This little essay captures what may have been my attempt to sound like a magazine writer. Looking back, what I find most striking in this essay is that its conclusion is completely untrue. I highly doubt I believed it even then.
Old-school - January 13, 1989
He’s in my French class. One of the traditional, seventies‑style cyclists. Incredibly long hair, capped by the black Campagnolo cap, bill turned up, worn high on the head, towards the back. Red jersey, blank save for some racy stripes‑‑ wool. He also sports the first‑generation lycra cycling shorts. They’re dull, lackluster, somewhat threadbare, and openly display the bulge of his reproductive equipment. His bare feet are shockingly white beneath his barely tan, shaven legs; his black Detto Pierto cleats, which had hung over his shoulders by their laces on the trip up to the classroom, are now on display on the floor where books normally go. Of course, he waited until he got to class to remove the old knit cycling gloves. During class he will frequently nurse off of his La Vie Claire water bottle, to wash down the banana and bran muffin. He brought the bike into class with him ‑‑ a daring feat since we’re on the second floor, and the stairs are a zoo between classes.

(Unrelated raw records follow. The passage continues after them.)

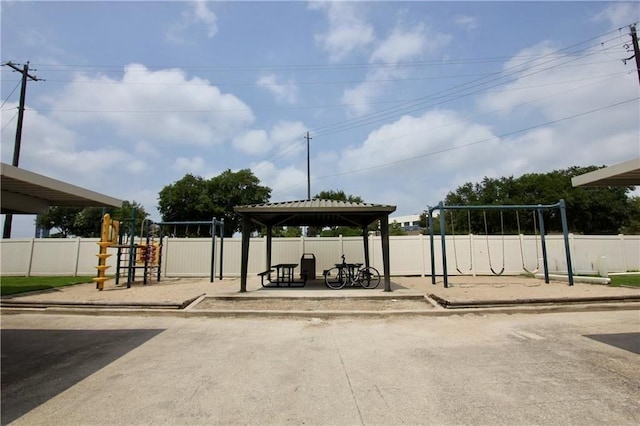 view of community with fence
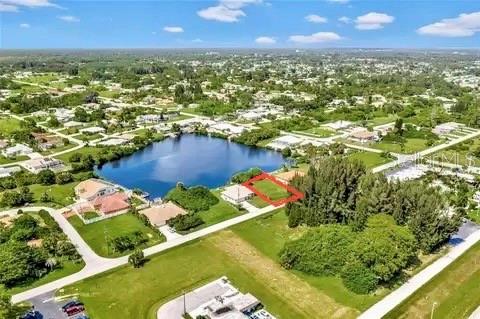An aerial view shows a vacant residential lot outlined in red near a small lake — SARAGOSSA LANE, NORTH PORT, FL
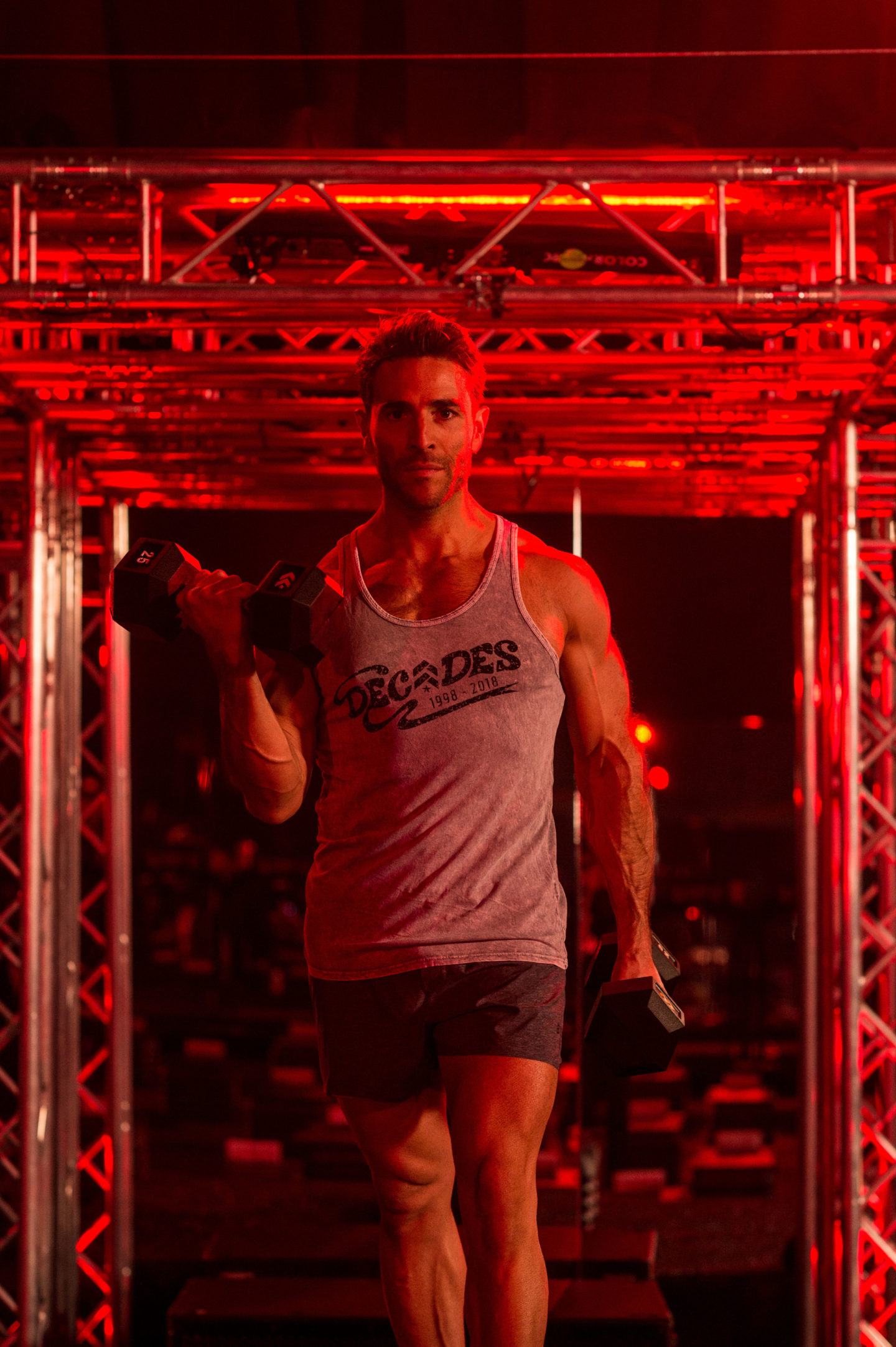 L'instructeur masculin de Barry's Bootcamp portant un débardeur gris de plusieurs décennies Red Room faire des flexions des biceps avec des haltères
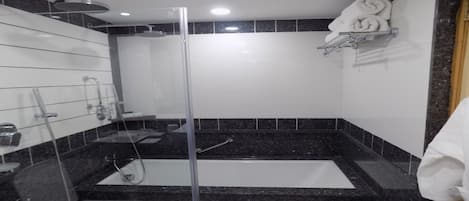 Un bagno moderno con doccia vetrata, una vasca freestanding e un portasciugamani.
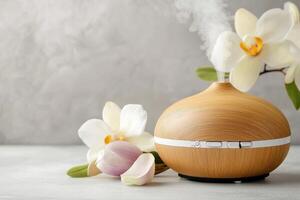 Aroma oil diffuser releasing calming steam into air with spring flowers photo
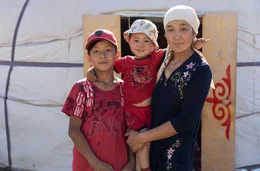 Mutter G&uuml;lnas mit ihren S&ouml;hnen vor dem Sommerheim, ihrer Jurte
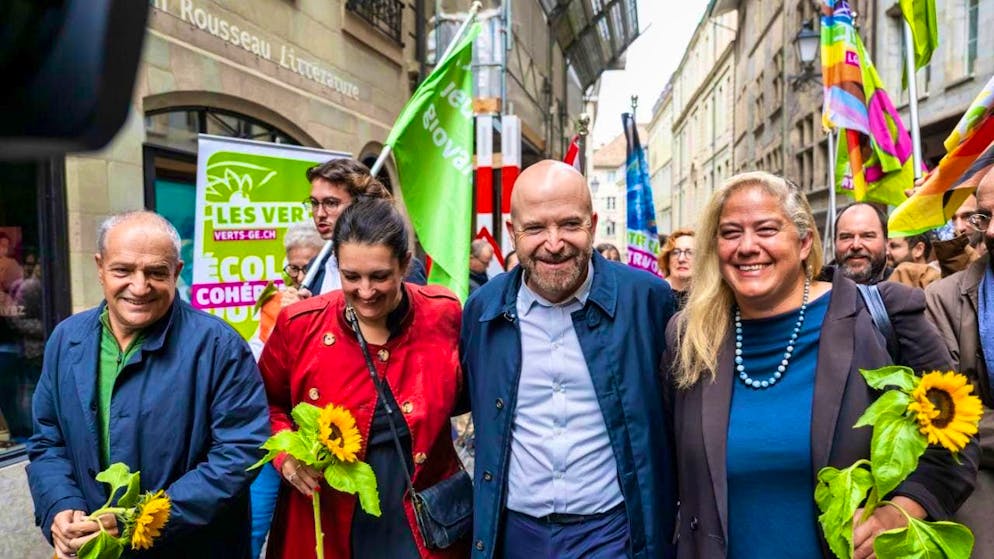 Nicolas Walder accompanied by Green and SP supporters after the first round of voting.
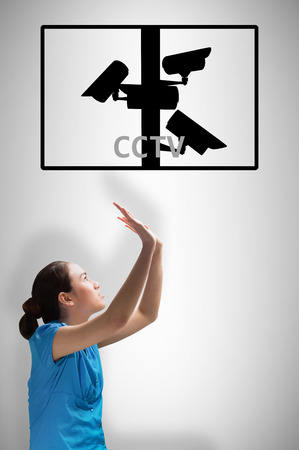 Young businesswoman pushing up against cctvの写真素材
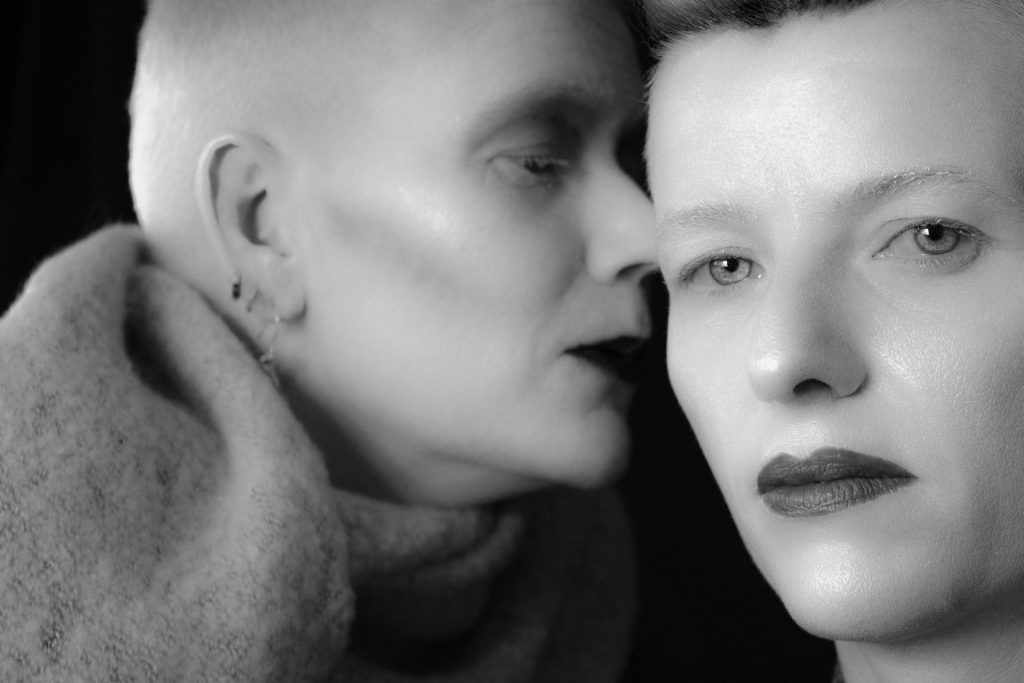 A black-and-white portrait of two individuals. One is whispering into the ear of the other, who gazes directly at the camera with an enigmatic expression.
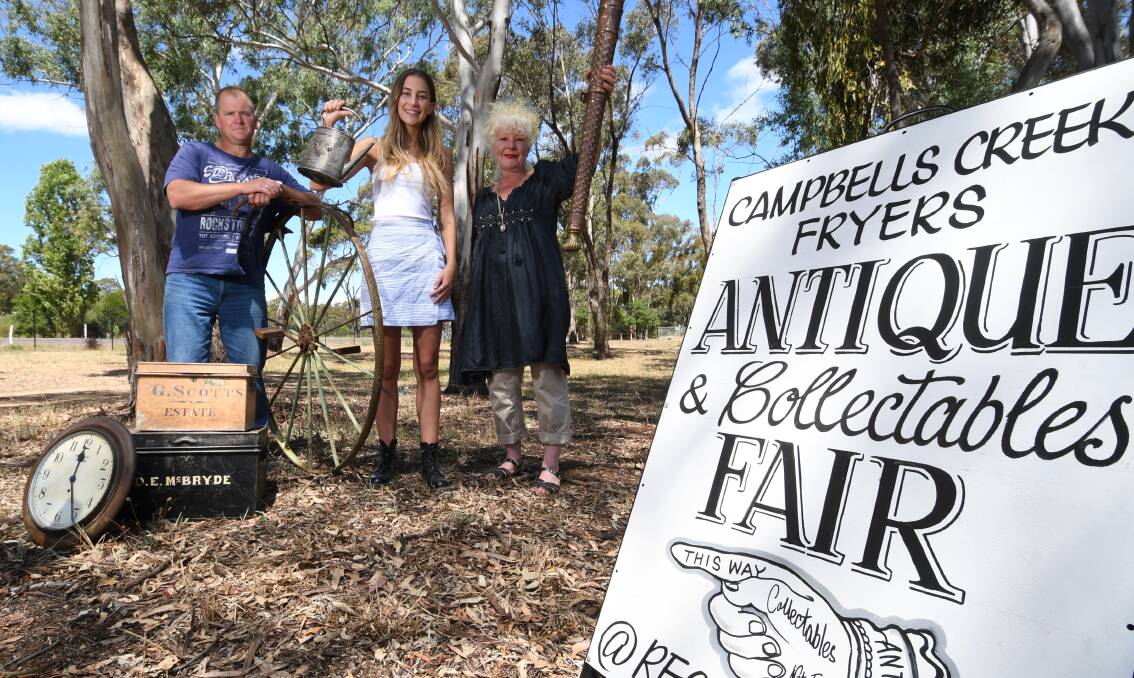 BARGAIN HUNTERS: Craig Morrow, Kim Rowlatt and Veronica Rowlatt with just a few of the many antiques and collectibles that will feature at the Campbells Creek-Fryers Antique and Collectibles Fair. Picture: NONI HYETT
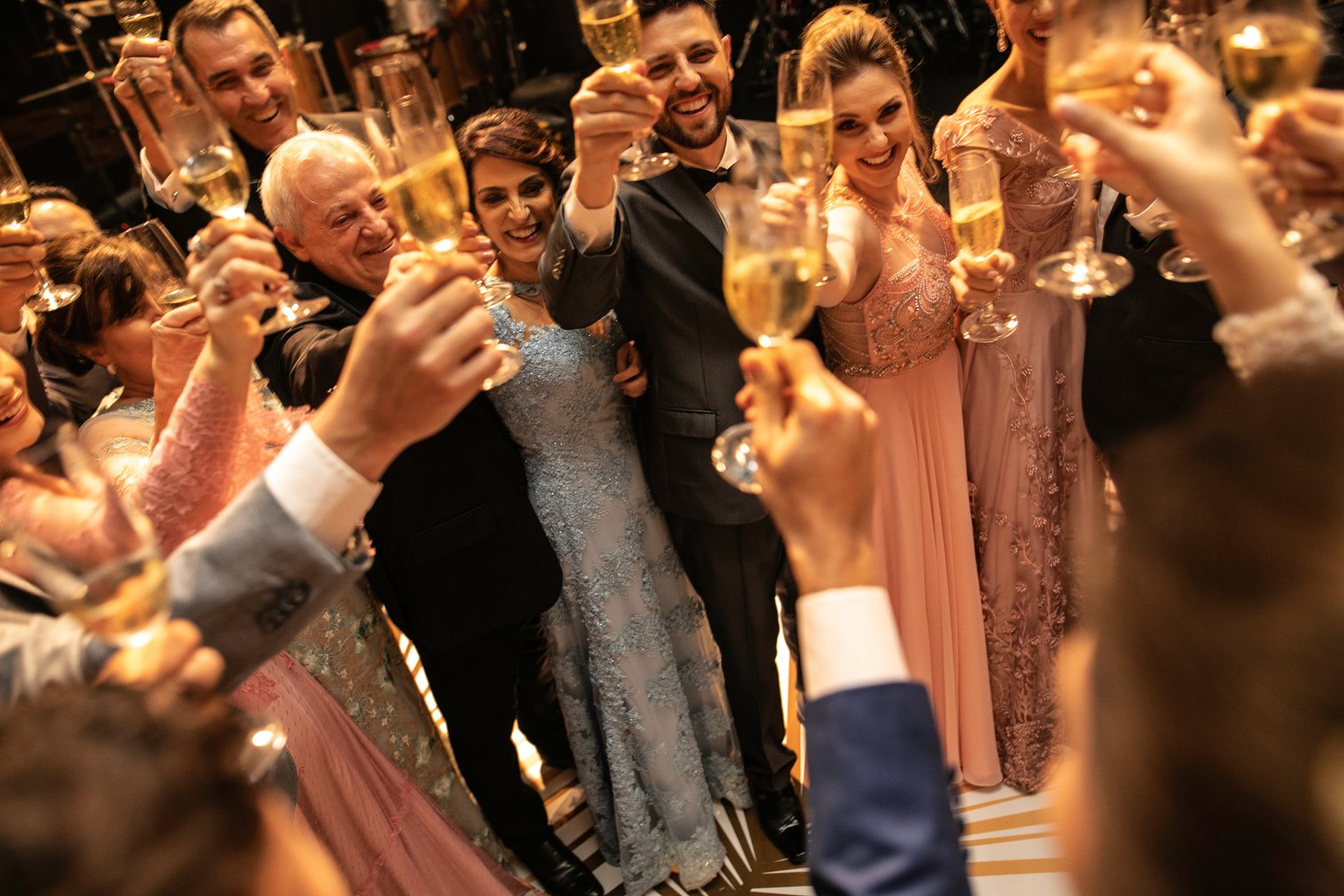 Bride, groom and wedding guests making a toast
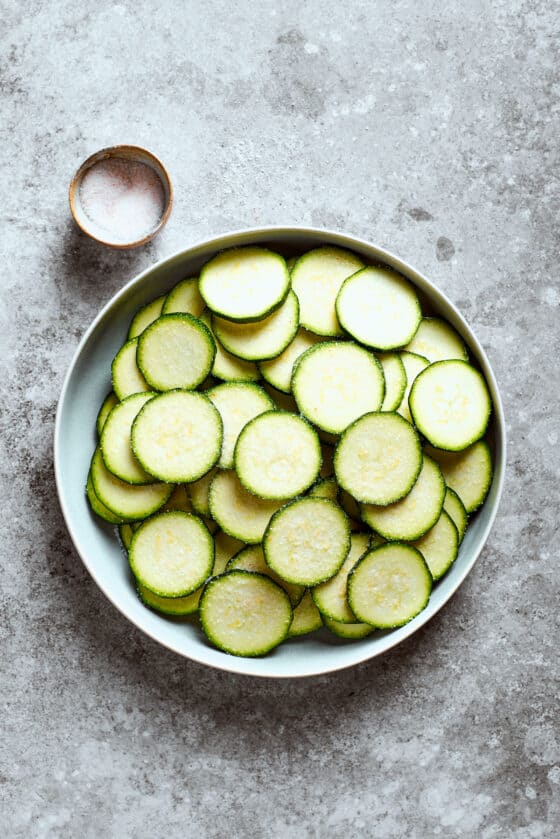 A bowl of sliced zucchini next to a small bowl of salt.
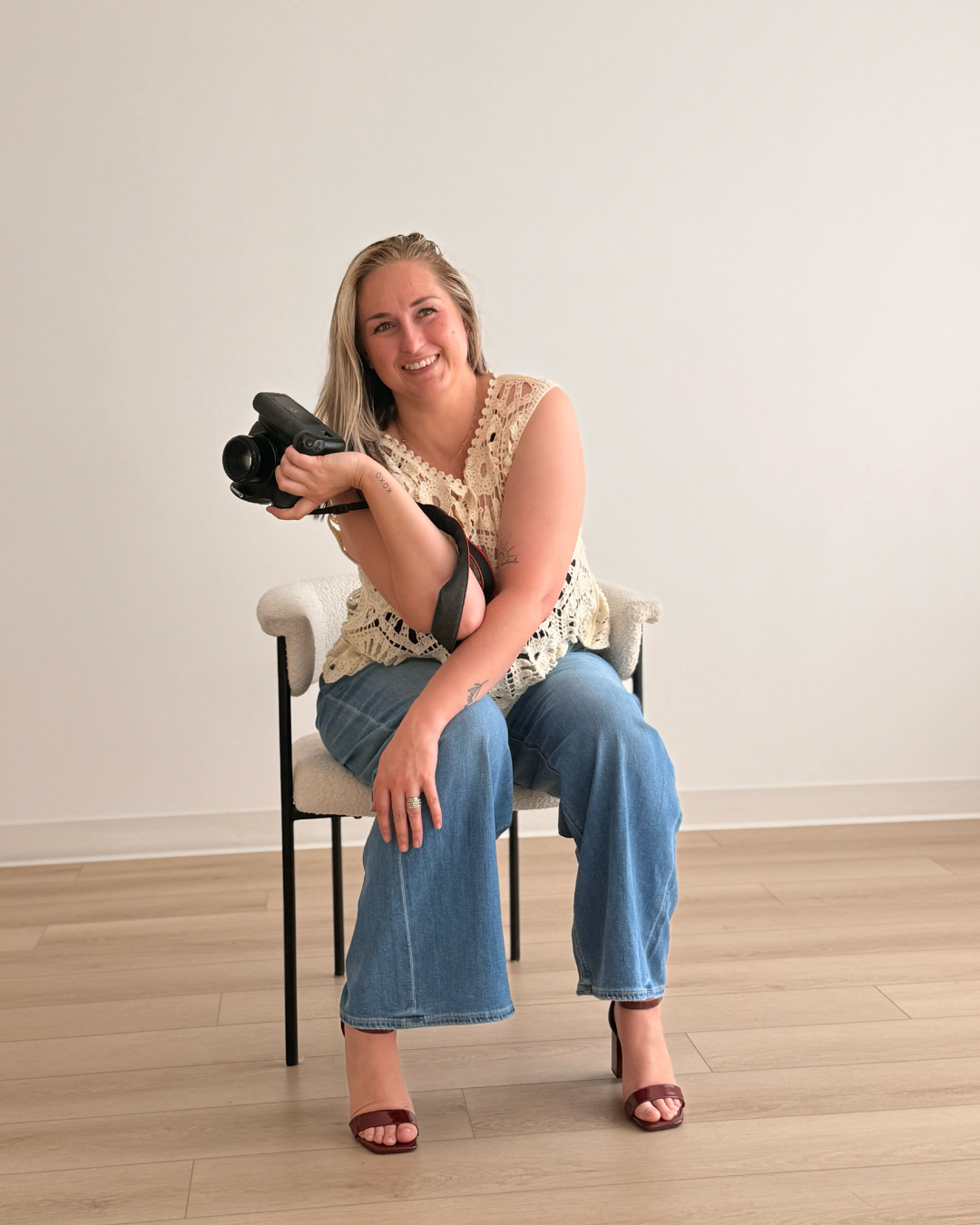 Woman with blonde hair sitting on a chair, smiling, holding a camera, wearing a beige crochet top, blue jeans, and brown heels, against a plain white wall.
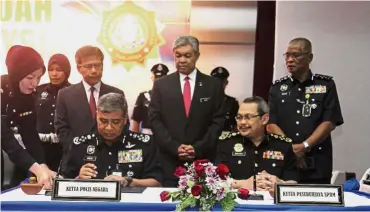  ??  ?? Historic day: Khalid (left) signing the corruption-free pledge at the Pulapol in Kuala Lumpur. Looking on are Dr Ahmad Zahid (centre) and Dzulkifli. — Bernama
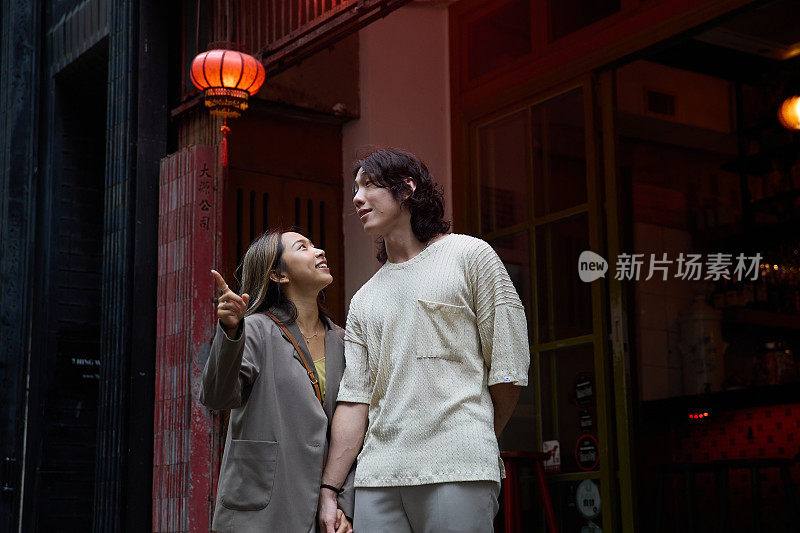 一对亚洲夫妇牵着手走过香港街头，彼此凝视着对方的眼睛。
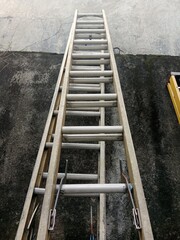 Old Iron Ladder Leaning Against Brick Wall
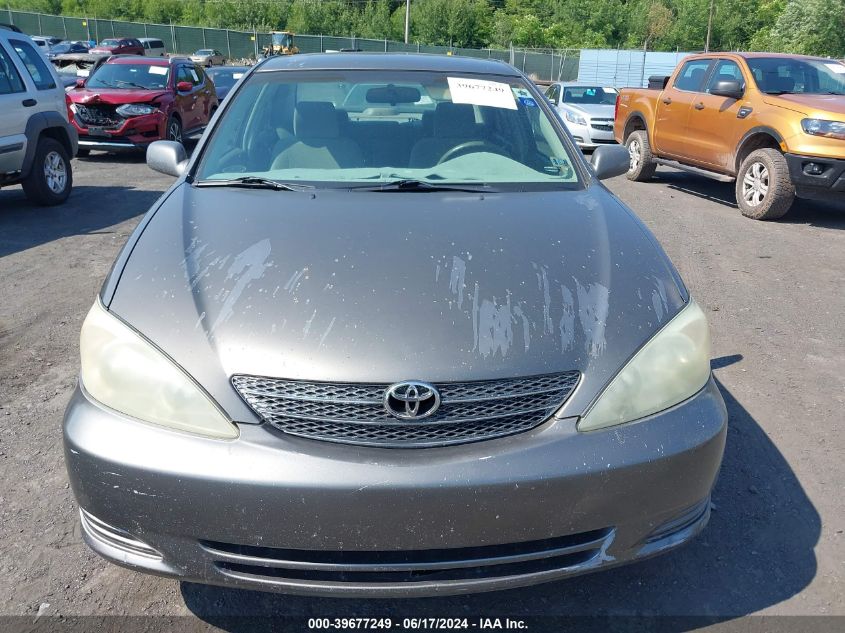 2003 Toyota Camry Le VIN: 4T1BE32KX3U670822 Lot: 39677249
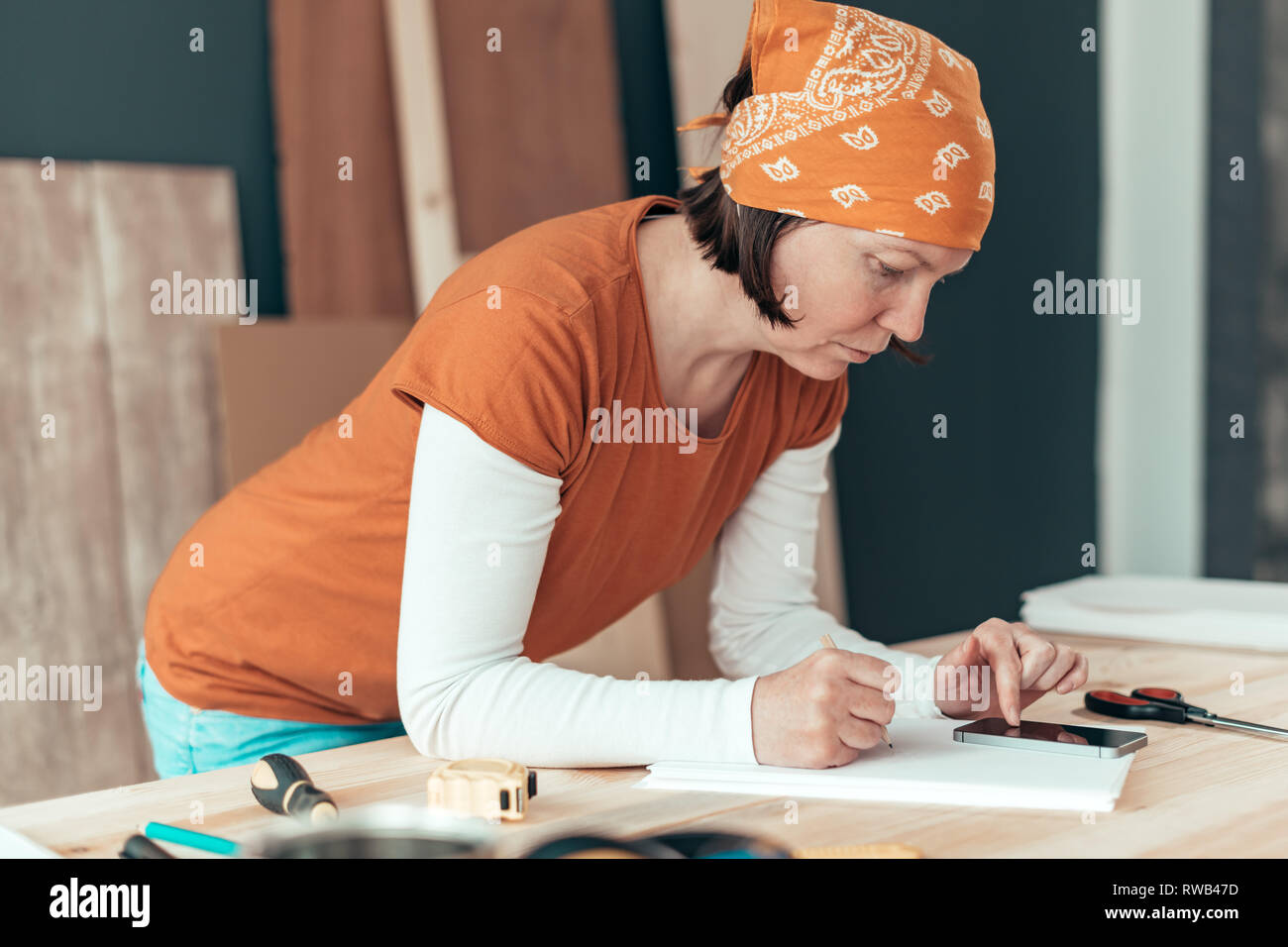 Female carpenter with head kerchief doing financial calculation in carpentry woodwork workshop Stock Photo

The guy’s got guts. The last fella I saw who showed that kind of effrontery was my brother Max, back when those wretched cleats with the toes curling (actually, curdling) up in front, and that red wool jersey that came down to his knees ‑‑ they didn’t make jerseys for kids back then ‑‑ made up his entire wardrobe. I used to sport a cap of the Campagnolo or Cinelli persuasion, bill up, myself, but that was the extent of my indoor cycling regalia ‑‑ just enough to get some recognition without risking the brutal gibe of my peers.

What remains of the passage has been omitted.